## Data for review
########

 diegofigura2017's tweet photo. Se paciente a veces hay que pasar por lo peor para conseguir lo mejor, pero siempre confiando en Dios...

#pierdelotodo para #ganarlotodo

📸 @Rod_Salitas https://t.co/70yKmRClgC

########

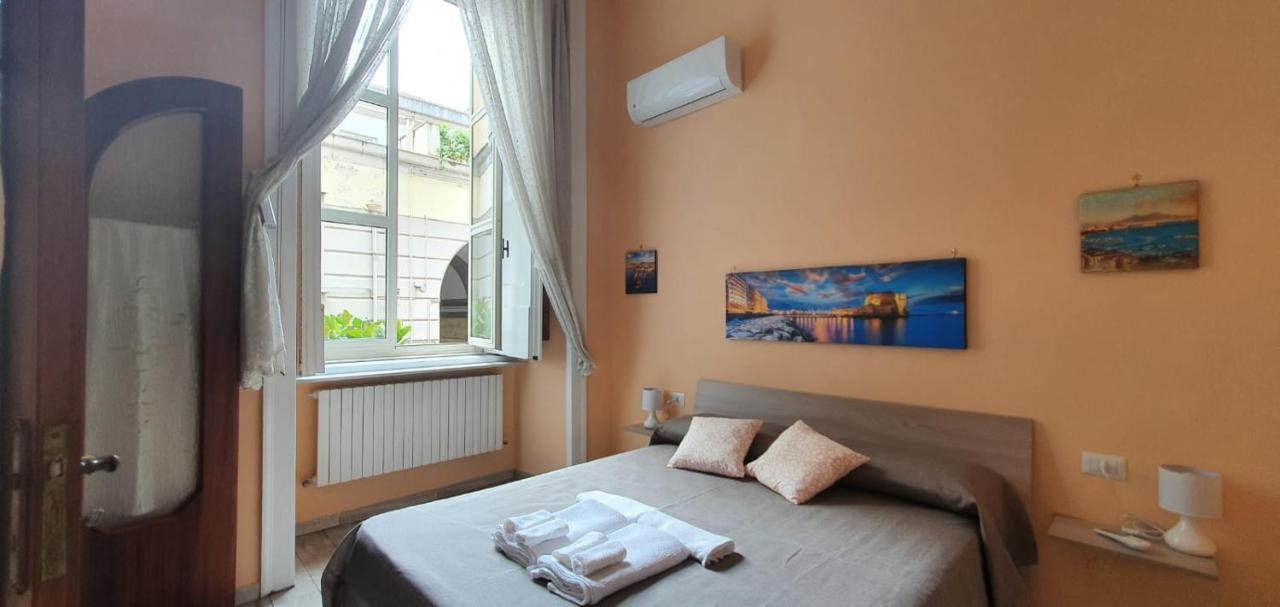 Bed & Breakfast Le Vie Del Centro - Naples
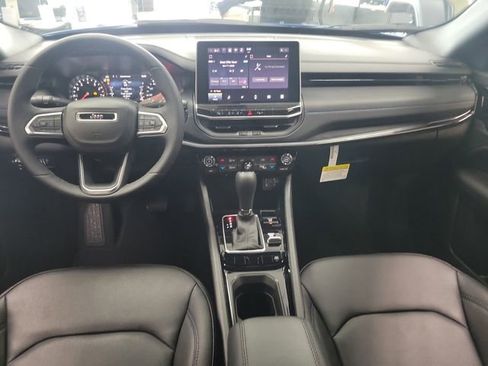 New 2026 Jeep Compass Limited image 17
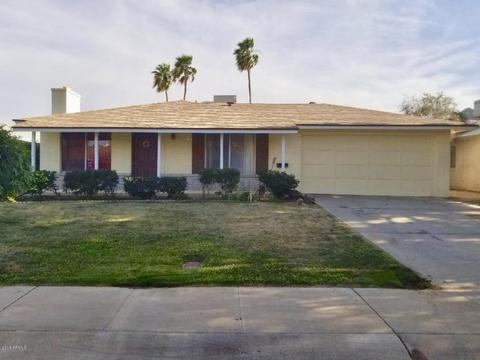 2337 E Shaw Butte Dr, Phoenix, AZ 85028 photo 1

########

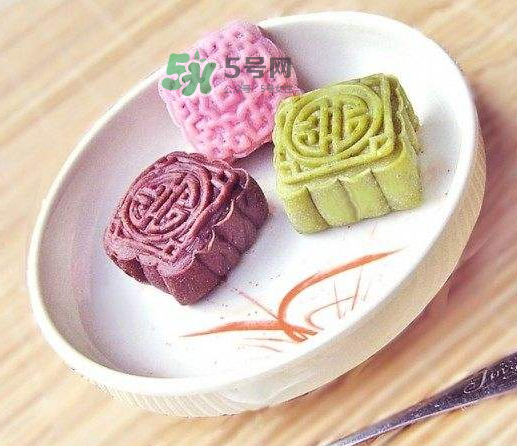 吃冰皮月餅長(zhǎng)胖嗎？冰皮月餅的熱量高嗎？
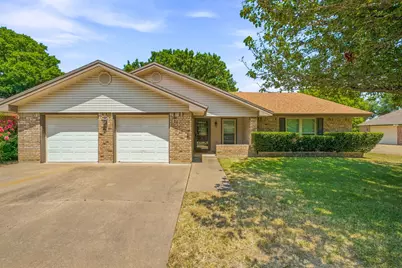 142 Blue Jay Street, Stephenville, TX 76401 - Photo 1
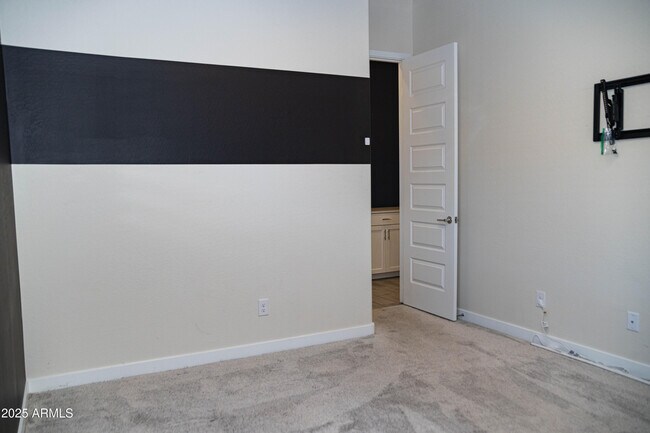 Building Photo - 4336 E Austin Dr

########

## Task details
Show the lines of the data that hold the word "para".

## Exercise response
 diegofigura2017's tweet photo. Se paciente a veces hay que pasar por lo peor para conseguir lo mejor, pero siempre confiando en Dios...
#pierdelotodo para #ganarlotodo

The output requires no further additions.